(Image-text web data)
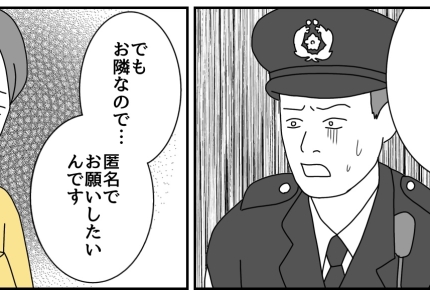 ＜お隣からウンチ臭＞ムリムリ！ガマンの限界⇒匿名で相談。事態は改善される…はず？【第3話まんが】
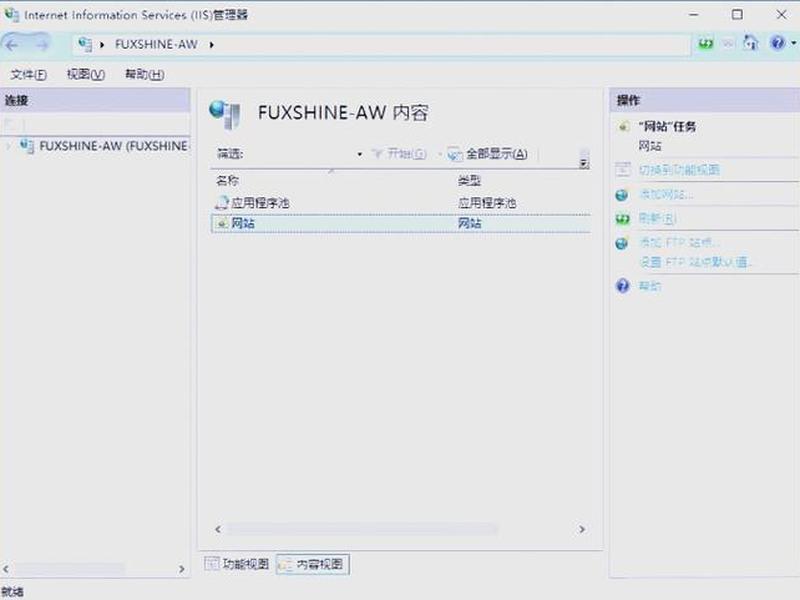 windows怎么搭建ftp服务器、windows搭建ftp服务器怎么搭建 windows怎么搭建ftp服务器、windows搭建ftp服务器怎么搭建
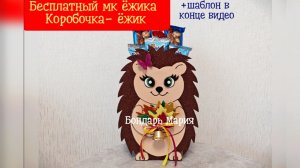 осенний Ёжик. Ёжик в виде подарка, поделка Ёжик из фоамирана и картона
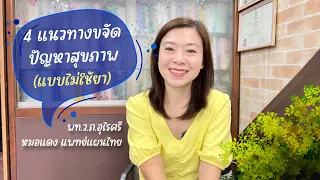 ทำไมการมีจิตใจที่แจ่มใสจึงสำคัญต่อสุขภาพโดยรวม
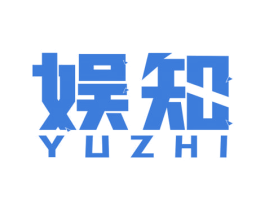 娱知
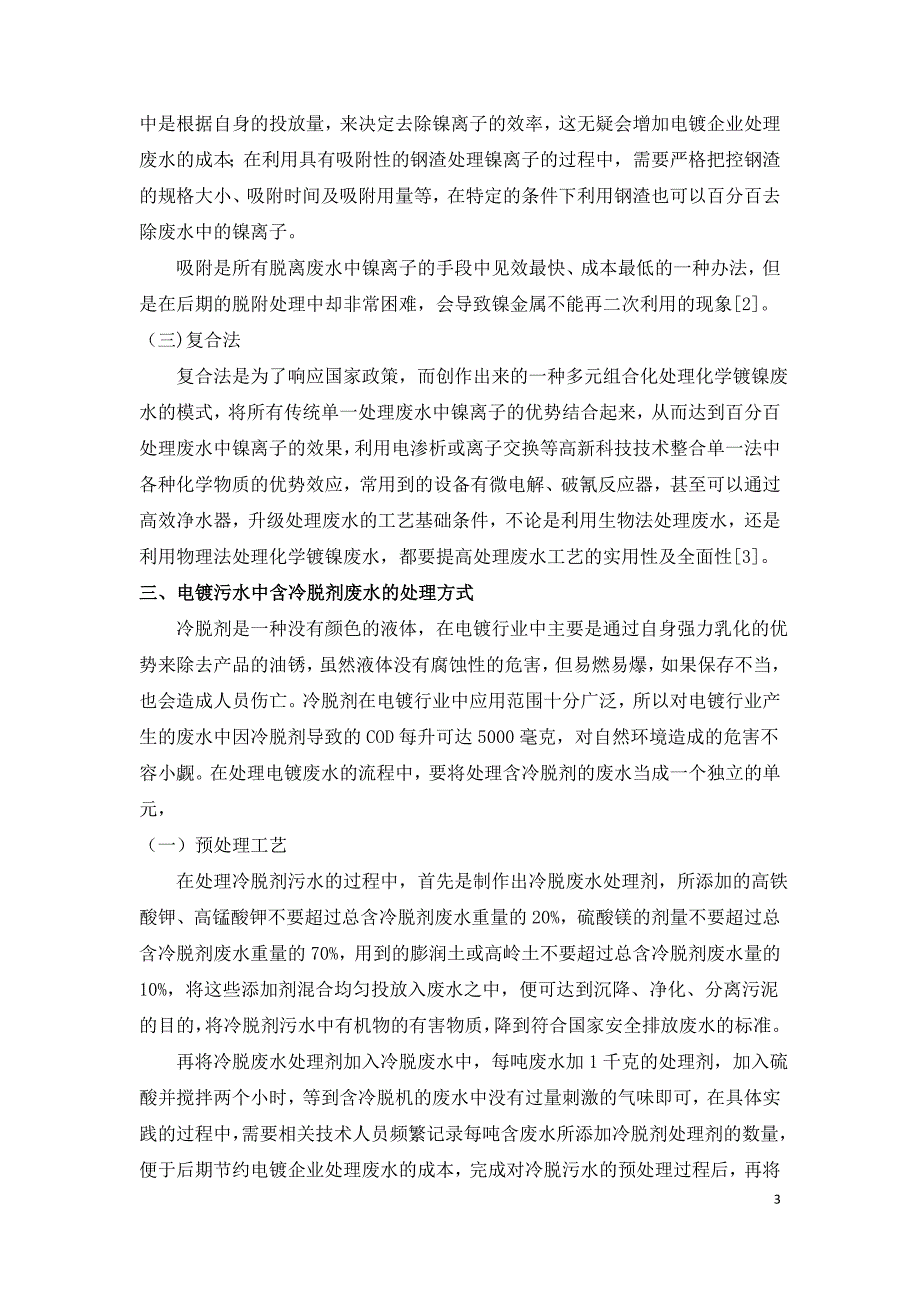 浅析电镀污水处理中的化学镍废水与含冷脱剂废水处理.doc_第3页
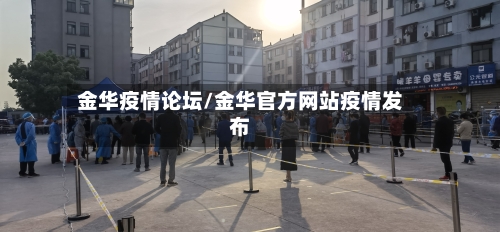 金华疫情论坛/金华官方网站疫情发布-第3张图片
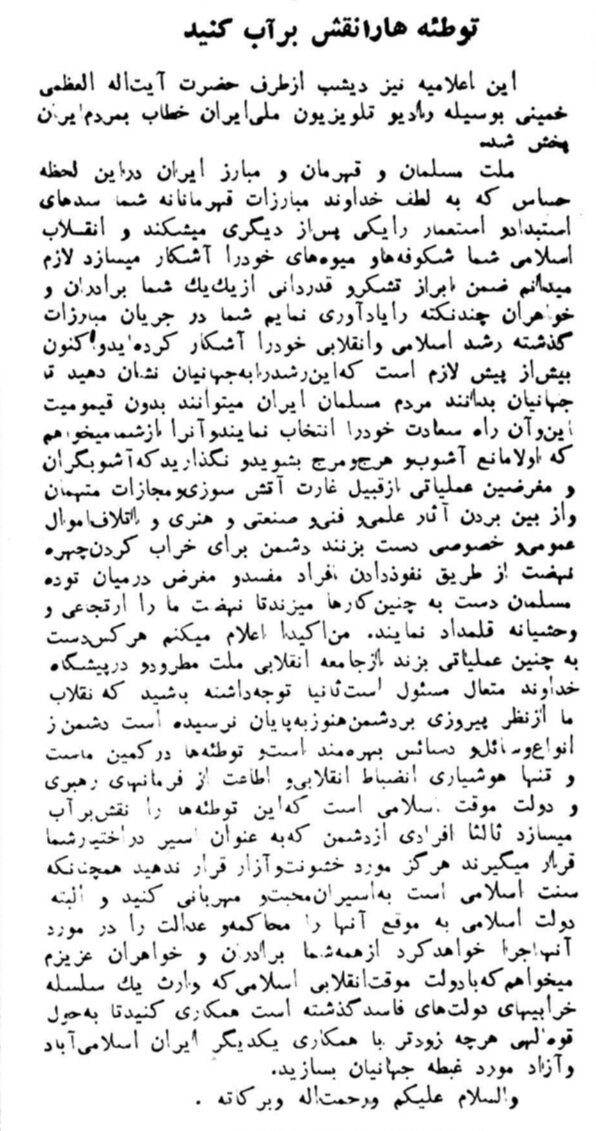 سقوط نظام ۲۵۰۰ ساله استبداد/ ارتش انقلاب شهرها را آزاد کرد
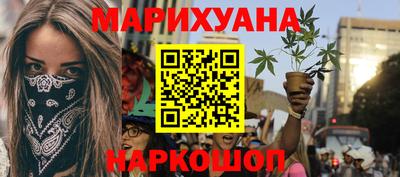 альфа пвп VHQ Бугуруслан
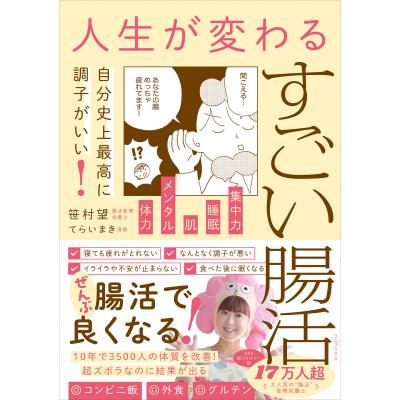 腸活 本 人気（健康法関連の本）｜生活 | 本、雑誌、コミック の商品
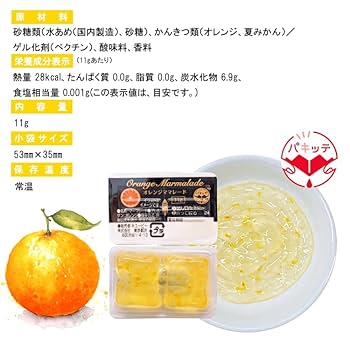 Amazon | キューピー オレンジマーマレード (48個入) パキッテ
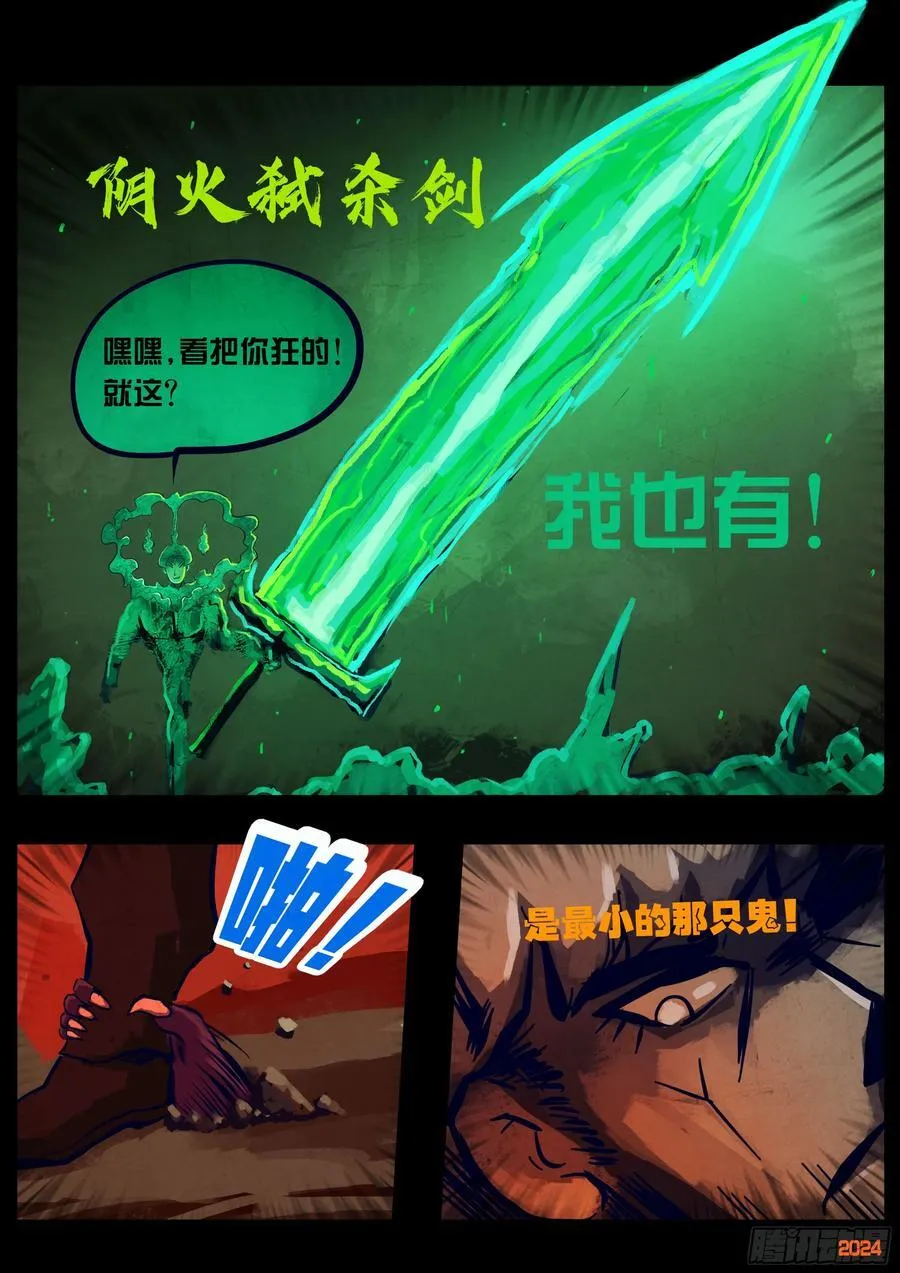 360集 第10页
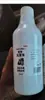 Spray desodorizante para mascotas para gatos y perros, elimina olores y alivia la picazón, apto para uso en interiores, limpia las cajas de arena y proporciona un ambiente fresco y limpio para tus queridas mascotas
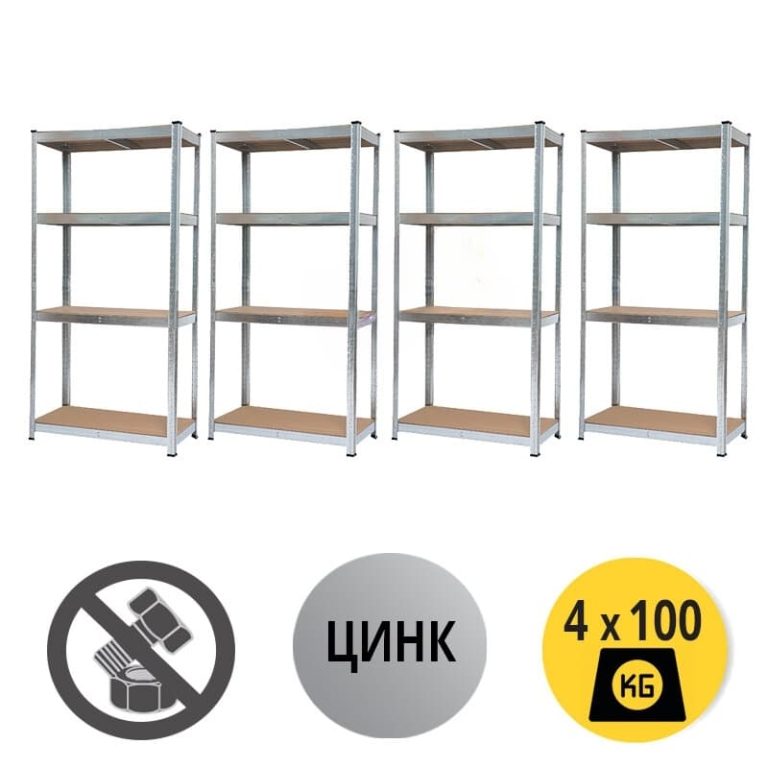 ПАКЕТ 4бр- Стелаж 172x75x30см, 4х100кг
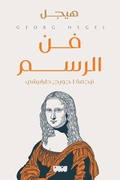 Cover: The art of painting - Mdrek for Publishing and Distribution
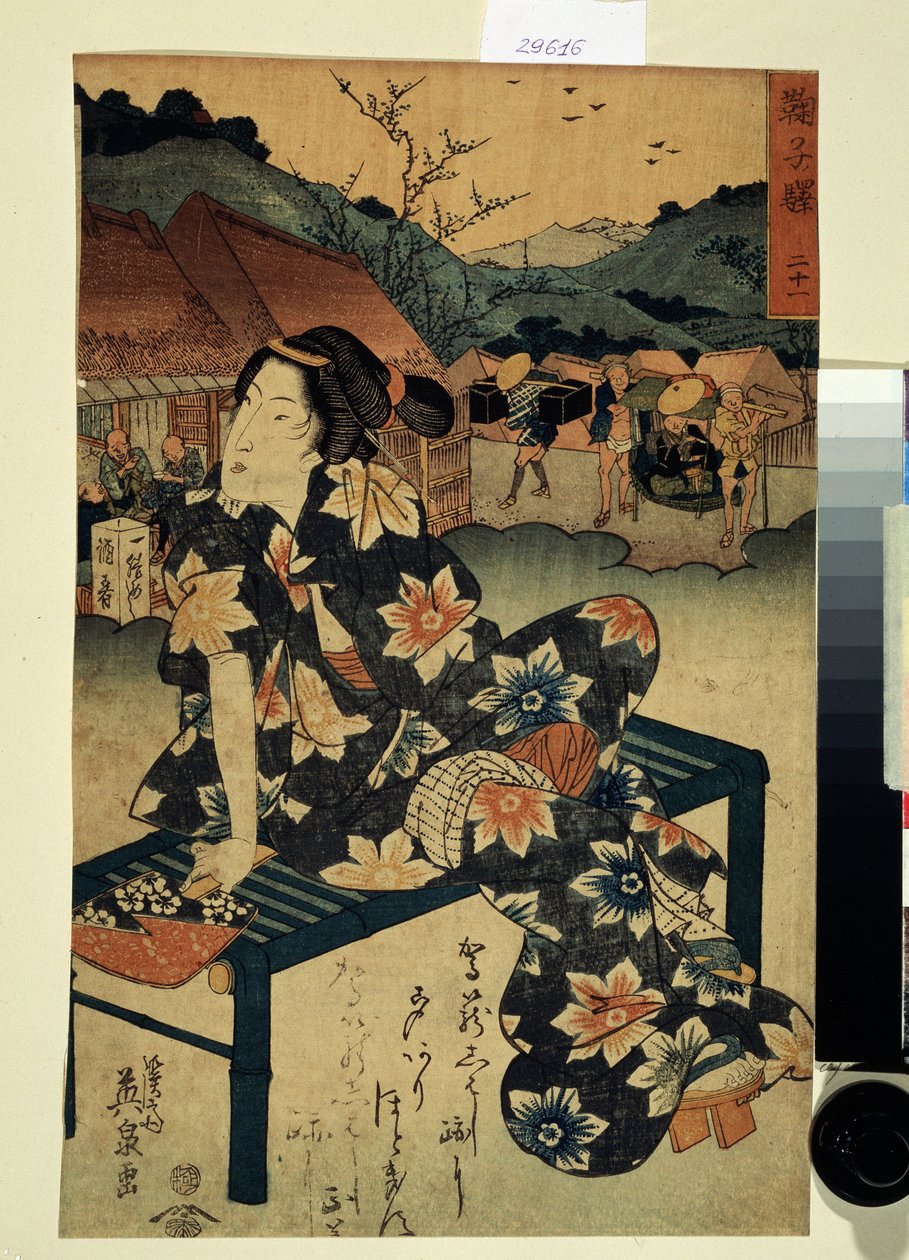 Series on the Beauties of Tokaido: Mariko, Station 21 by Keisai Eisen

Action item:
Each record should appear again exactly as it stands, with no picture included.

Exercise result:
 ＜お隣からウンチ臭＞ムリムリ！ガマンの限界⇒匿名で相談。事態は改善される…はず？【第3話まんが】
 windows怎么搭建ftp服务器、windows搭建ftp服务器怎么搭建 windows怎么搭建ftp服务器、windows搭建ftp服务器怎么搭建
 осенний Ёжик. Ёжик в виде подарка, поделка Ёжик из фоамирана и картона
 ทำไมการมีจิตใจที่แจ่มใสจึงสำคัญต่อสุขภาพโดยรวม
 娱知
 浅析电镀污水处理中的化学镍废水与含冷脱剂废水处理.doc_第3页
 金华疫情论坛/金华官方网站疫情发布-第3张图片
 سقوط نظام ۲۵۰۰ ساله استبداد/ ارتش انقلاب شهرها را آزاد کرد
 альфа пвп VHQ Бугуруслан
 腸活 本 人気（健康法関連の本）｜生活 | 本、雑誌、コミック の商品
 Amazon | キューピー オレンジマーマレード (48個入) パキッテ
 360集 第10页
 Spray desodorizante para mascotas para gatos y perros, elimina olores y alivia la picazón, apto para uso en interiores, limpia las cajas de arena y proporciona un ambiente fresco y limpio para tus queridas mascotas
 ПАКЕТ 4бр- Стелаж 172x75x30см, 4х100кг
 Cover: The art of painting - Mdrek for Publishing and Distribution
 Series on the Beauties of Tokaido: Mariko, Station 21 by Keisai Eisen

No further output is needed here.